Hiking the Broken Top Loop Trail provides many opportunities for learning. Be sure to grab an interpretive guide from the Visitor Center.
Pahoehoe (ropy) lava flows
Tree molds were one of the more challenging features to find. If you look closely at this picture, there is a trough just above the sign and to the right. Per NPS literature, “tree molds are an impression left in the lava of the charred surface of a tree.”
I also visited several of the lave tube caves including this one on the Broken Top Loop Trail. NOTE: be sure to grab a cave permit from the Visitor Center as one is required to enter caves.
Collapsed lava tube
A benefit of staying in the park campground was hiking at sunset and sunrise. The North Crater Trails begin at the campground.
Views along the North Crater Trail were exceptional.
It was an awesome experience to walk the ridges of the cinder cones, especially early in the morning when I had the place to myself.
Yep, all MINE – even mid morning on the Friday before Memorial Day weekend. Notice the duck tape on my fender.
If you’re lucky, you might just spy some petrified wood.
Keeping the cinder from shifting isn’t an easy task. Kudos to the trail builders and maintainers. There’s a reason they ask hikers to stay on trail and to respect closed areas.
Look at all that volcanic activity. So much history in one place.
My wildflower finds.
It’s a harsh environment for wildflowers. They are few and far between as demonstrated in the following photo.
I truly love being surprised when places exceed expectations; this one was a home run!
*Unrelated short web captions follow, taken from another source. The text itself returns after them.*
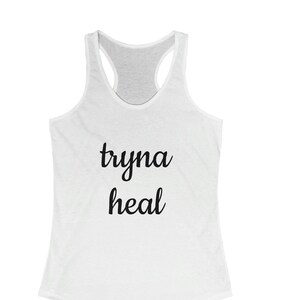 May include: White tank top with the text "tryna heal" printed in black.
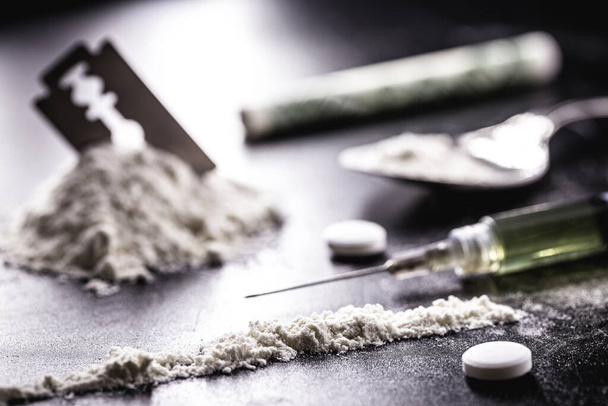 cocaína com fileiras, fileiras e linhas de pó a serem testadas, com uma lâmina de baba ao lado e seringas - Foto, Imagem
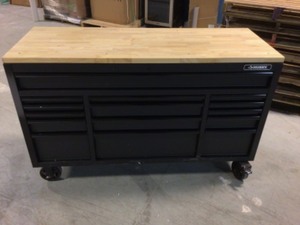 lot 106 image: Husky 61 in. W x 23 in. D Heavy Duty 15-Drawer Mobile Workbench Tool Chest with Solid Wood Top in Matte Black Customer Returns See Pics
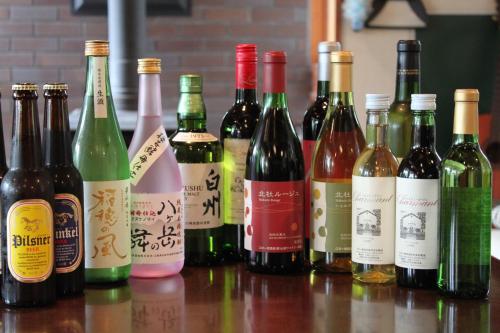 a group of wine bottles sitting on a table at Pension Field in Hokuto
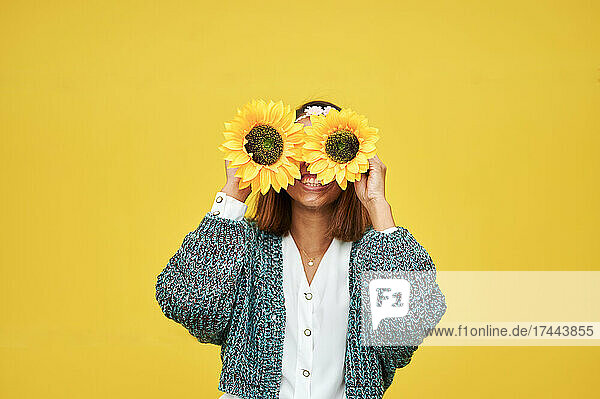 Young woman covering face with sunflowers in front of wall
My one frustration this trip was road construction. I got stuck several times waiting my turn in one-way traffic but this incident topped the cake. I’d planned to hike the Caves Trail when I completed my early morning jaunt on North Crater Trail. But, due to construction the normal one-way driving loop to Caves Trail was blocked with only access to Broken Top and Tree Molds trails. Since I’d already hiked Broken Top I hiked the Tree Molds trail. On my return I was happy to find the Caves Trail parking open. I hiked to the various caves but upon returning to my car I found myself and many others included a couple buses of preschoolers blocked in. No one was manning the blocked entrance/exit. I was first in line to exit. We waited and waited and waited as the road has just been sealed. We called the visitor center and they didn’t know status either and weren’t able to contact the contractors. Finally the bus drivers decided to bust through the barricade. What was I to do but follow? HELLO, this was the Friday of Memorial Day weekend.
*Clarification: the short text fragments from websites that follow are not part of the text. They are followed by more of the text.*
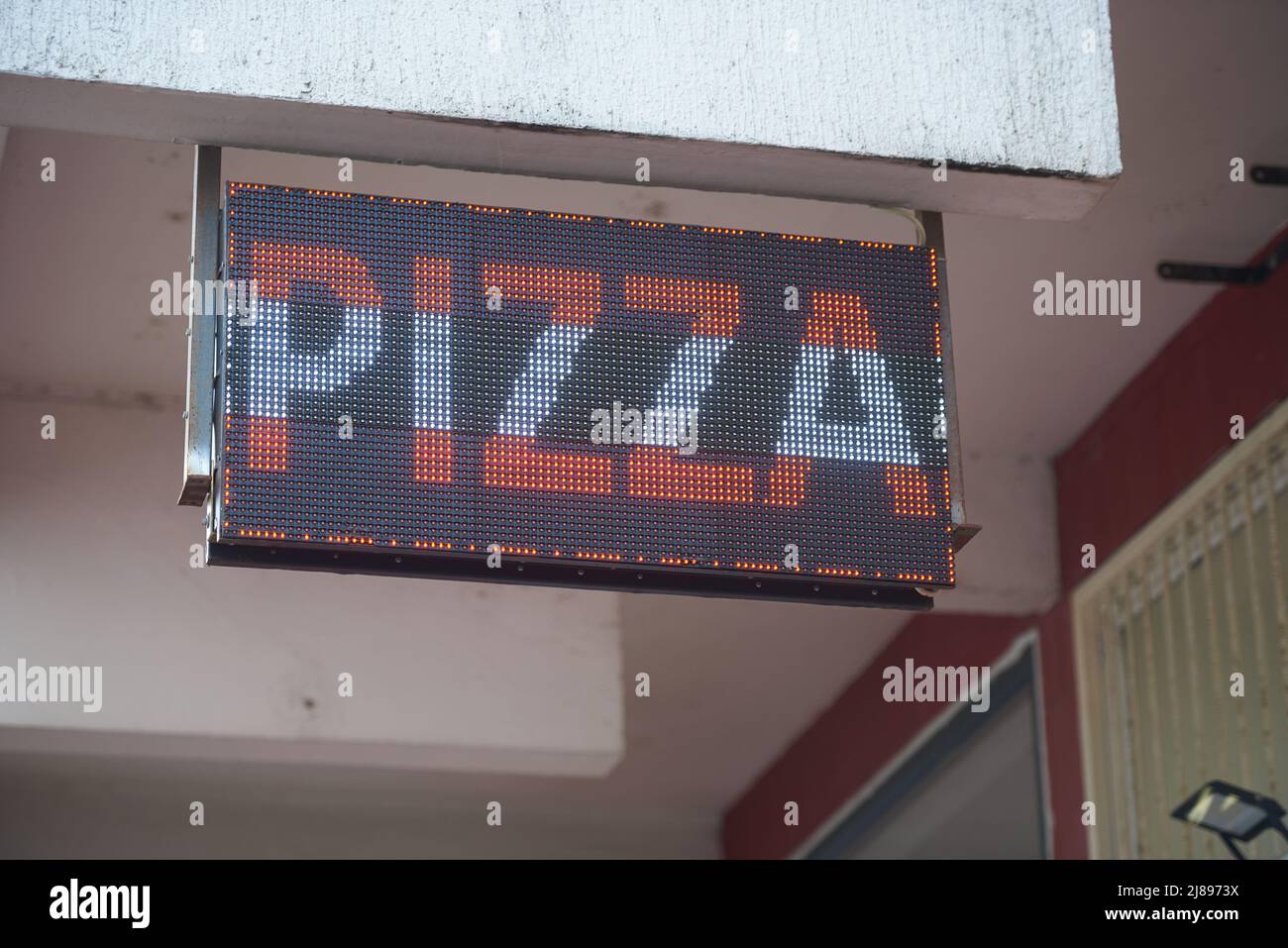 Pizza LED sign on the street for advertising Stock Photo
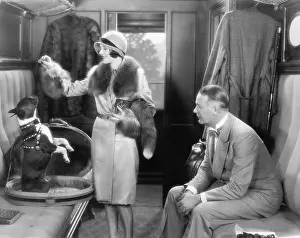 Showmanship: Couple together in a train and feeding a dog
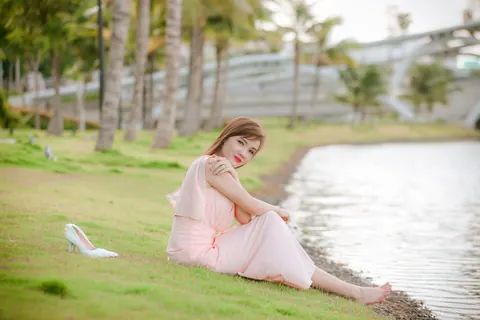 Asian Woman Poses in a Dress Outdoors – photo 6 of 21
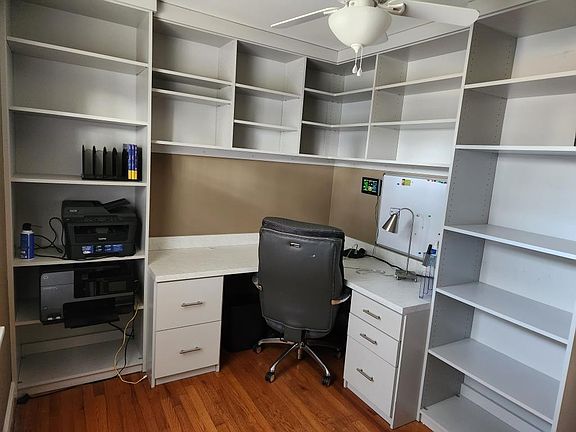 Office 1 with built-in desk & bookcases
- Obtain a cave permit from the Visitor Center. It’s free and required to enter the caves. Also grab a copy of the caves interpretative guide.
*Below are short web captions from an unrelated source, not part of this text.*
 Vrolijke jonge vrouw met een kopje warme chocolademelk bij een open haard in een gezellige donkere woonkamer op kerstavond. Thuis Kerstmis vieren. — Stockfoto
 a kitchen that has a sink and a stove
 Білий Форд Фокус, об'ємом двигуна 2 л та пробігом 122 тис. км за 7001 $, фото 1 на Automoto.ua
- Pick up a copy of the free hiking trails guide from the Visitor Center, plus the one detailed for Broken Top.
- If you are interested in geology be sure to ask for the free handout at the Visitor Center.
- Consider staying at the NPS campground. It was worth it for me to have evening and morning access although there is dispersed camping opportunities within 30 minutes of the park.
- Photography is especially challenging under harsh sunlight conditions.
- It’s a HOT place in the summer!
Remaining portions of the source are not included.